Last week (which seems almost an age ago) when the NSA telephone call meta-data portion of the NSA disclosures first broke, Ben wondered about how an application could be written that would satisfy Section 215’s requirements. As Ben noted, Section 215 only allows an order of disclosure based on “a statement of facts showing that there are reasonable grounds to believe that the tangible things sought are relevant to an authorized investigation.” How, he asked, could anyone write such an application for what is, in essence, the metadata for every telephone call that happens inside the United States and every call that occurred between the United States and another country? [And, as an aside, if I had to guess why foreign-to-foreign metadata is not covered it is because the US believes that no FISA order is required for that data … so it may be collected even without an order.]
Turns out that, at least in my view, writing such an application would be pretty easy. And when I say “easy” here I mean easy in the sense of technical description. I really don’t know how a whole database might be construed as a “tangible thing,” though I assume there is a legal opinion saying so. What I am talking about is just the question of big data manipulation.
And on that score the science of big data analytics is clear — large databases are effective in establishing patterns only to the extent they are actually comprehensive. If your argument is that we need to do a social network analysis to find terrorist connections, then you need the entire network to provide the grist for the mill, so to speak. That, almost surely, is what DNI Clapper meant when he said: “The collection is broad in scope because more narrow collection would limit our ability to screen for and identify terrorism-related communications. Acquiring this information allows us to make connections related to terrorist activities over time.”
And, so, that brings us to Paul Revere. Readers who want to see how social network analysis can be done from data sets will find most interesting (and amusing) this post by Kieran Healey (a sociology professor at Duke) — “Using Metadata to find Paul Revere.” Healy did a very simple form of matrix analysis using only two factors — the name of a person and the name of the political clubs he belonged to — and applied it to the colonist revolutionaries. The names were familiar — Sam and John Adams — as were the clubs (the North Party and the Long Room Club, for example). He used data collected from historical records by David Hackett Fisher that might well have been available to the British at the time of the revolution.

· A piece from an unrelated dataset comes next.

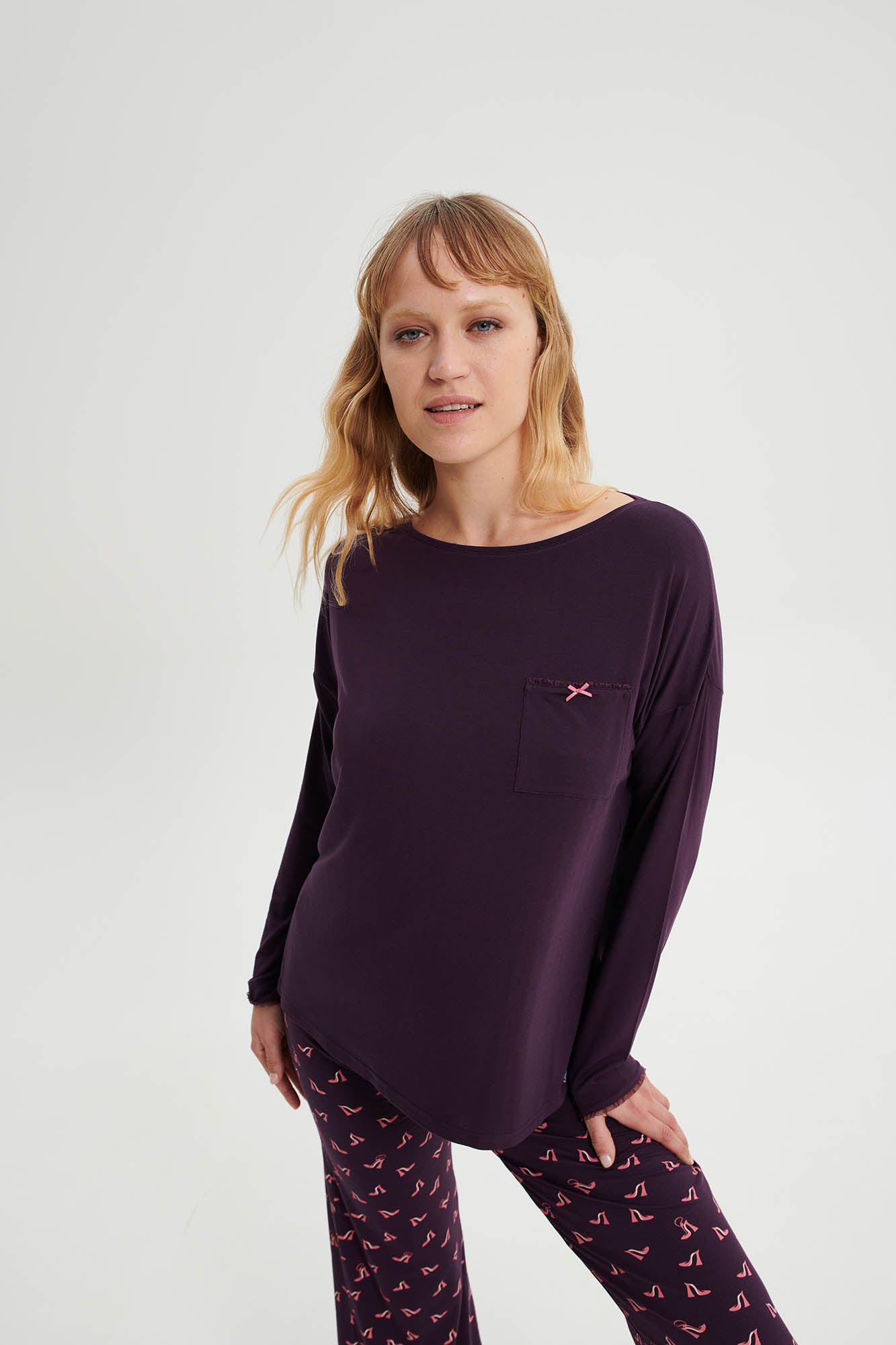 https://assets.vampfashion.com/SOFTONE_TMP_IMAGES/6_0889971533.jpg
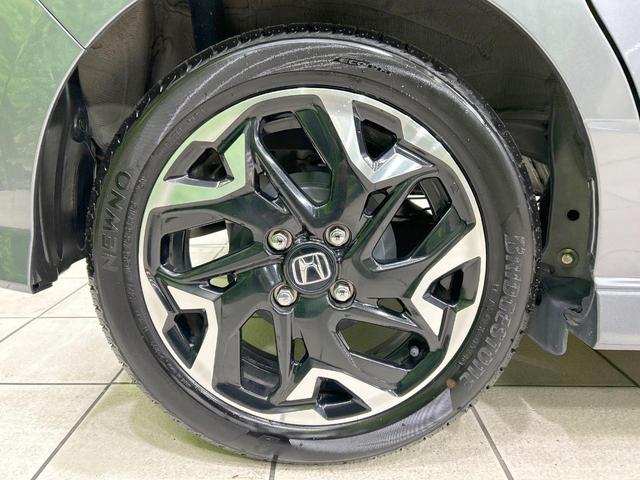 N-BOXカスタム G・EXターボホンダセンシング 両側パワスラ 純正ナビ バックカメラ ホンダセンシング アダプティブクルーズ 禁煙 ハーフレザーシート バックソナー レーンアシスト スマートキー LEDヘッド/フォグ オートハイビーム CD/DVD(28枚目)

The results demonstrate the power of matrix analysis. And, notably, this is only analysis of metadata (who belonged to which clubs) and not at all related to any of the content of what happened inside those clubs.
What he found is quite stunning for those who don’t know big data. Perhaps it’s a bit of a spoiler to say so (and I urge you, if you are interested, to read the whole paper, which is quite entertaining) but it turns out that the data pop out one man as the lynchpin for a large fraction of the organization of the clubs and the men in Boston — Paul Revere. And while, in historical retrospect he may not have been THE leader of the revolution, it is pretty clear that he was a significant operative in the revolutionary operations. And with just two fields of data British counter-intelligence of the era might have learned about his significance. [Note, of course, that more fields of data gives even greater granularity and fidelity to the conclusions.]
And that, I think, is the answer to the relevance question. It is quite easy, in fact, to say that the large data set can, with appropriate manipulation, reveal the organizational details of social structures. Terrorist activities are social structures of that sort. To my mind it is pretty clear that there are reasonable grounds to believe that the telephone call metadata data base is relevant to the discovery of that structure and therefore relevant to an investigation of those terrorists. I’m not at all surprised that the FISA Court agreed.
Two final points: I’m being descriptive here, not normative. Just because it’s effective and legal doesn’t mean it is wise. And, the technique is, of course, value neutral. It can be used to discover links for other types of groups and it can be used in other large data sets. The limits we set are only constraints of law — the technology is not self-limiting.